Lawrie contended Duarte "was shown only two pictures, both of the same vehicle, [Lawrie's] truck." Moreover, on April 9, 2003, "the detective once again only showed Mr. Duarte the one truck, that of Mr. Lawrie's." Accordingly, Lawrie concluded his truck "was identified by [Duarte] at a pretrial confrontation that was so unnecessarily suggestive and conducive to irreparable mistaken identification that [Lawrie] was denied due process of law." The court denied the motion, stating, "As the People pointed out, there is no case that I know of nor that has been cited by the defense as to [lineups of] inanimate objects."
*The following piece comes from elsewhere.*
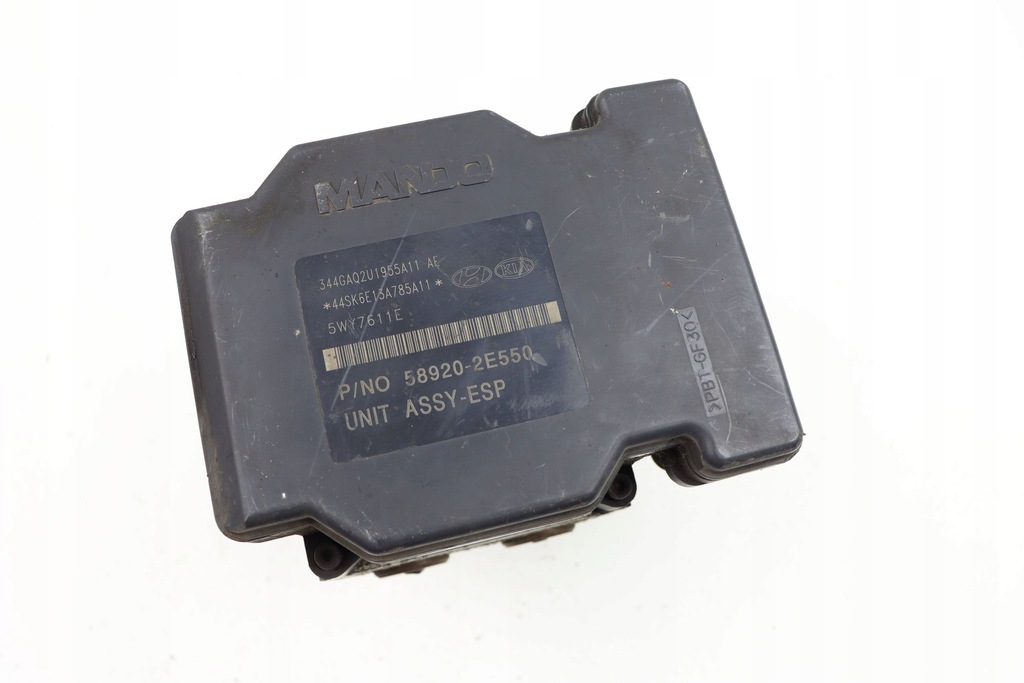 Kia Sportage II 2.0 Pump ABS 58920-2E550 BH60133450 Product image
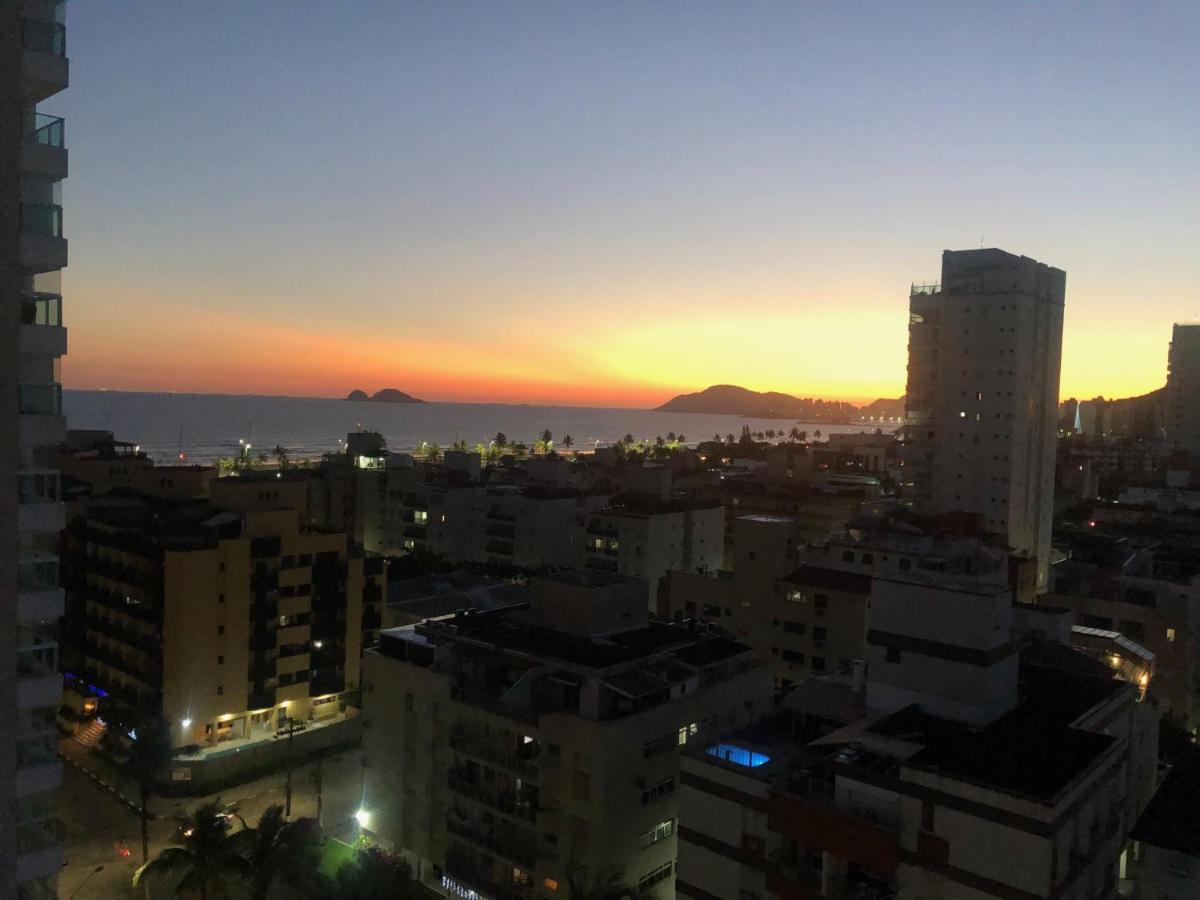 Cobertura Duplex Enseada Guaruja Leilighet Eksteriør bilde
The trial court was correct. This issue of the possible suggestiveness of a vehicle identification was raised in People v. Edwards (1981) 126 Cal.App.3d 447, and the court ruled, "That novel contention is eristic. The due process proscription against impermissibly suggestive identification procedures relates to the identification of people — not physical evidence. We have not been cited to a single case in California applying that proscription to the identification of pieces of physical evidence and our independent research has revealed none." (Id. at p. 880.) The Edwards court added, "We also hold that the identification of physical evidence by a witness is not suppressible under the Simmons rubric [Simmons v. United States (1968) 390 U.S. 377, 384], upon the ground that the '. . . procedure was so impermissibly suggestive as to give rise to a very substantial likelihood of irreparable misidentification.' Instead, the trustworthiness of that identification testimony is to be tested, like other evidence discovered during a criminal investigation, by cross-examination, impeachment and argument." (Edwards, supra, at p. 881.) Here, defense counsel cross-examined Duarte extensively regarding his identification of Lawrie's pickup truck, and during closing argument challenged the reliability of his testimony.
The parties' briefs cite to out-of-state cases that reach the same conclusion.
At any rate, for the reasons we outlined above, any error in admitting evidence regarding Duarte's identification was harmless beyond a reasonable doubt under Chapman. (Chapman, supra,386 U.S. 18.)
DISPOSITION
The judgment is affirmed.
WE CONCUR: McCONNELL, P. J. AARON, J.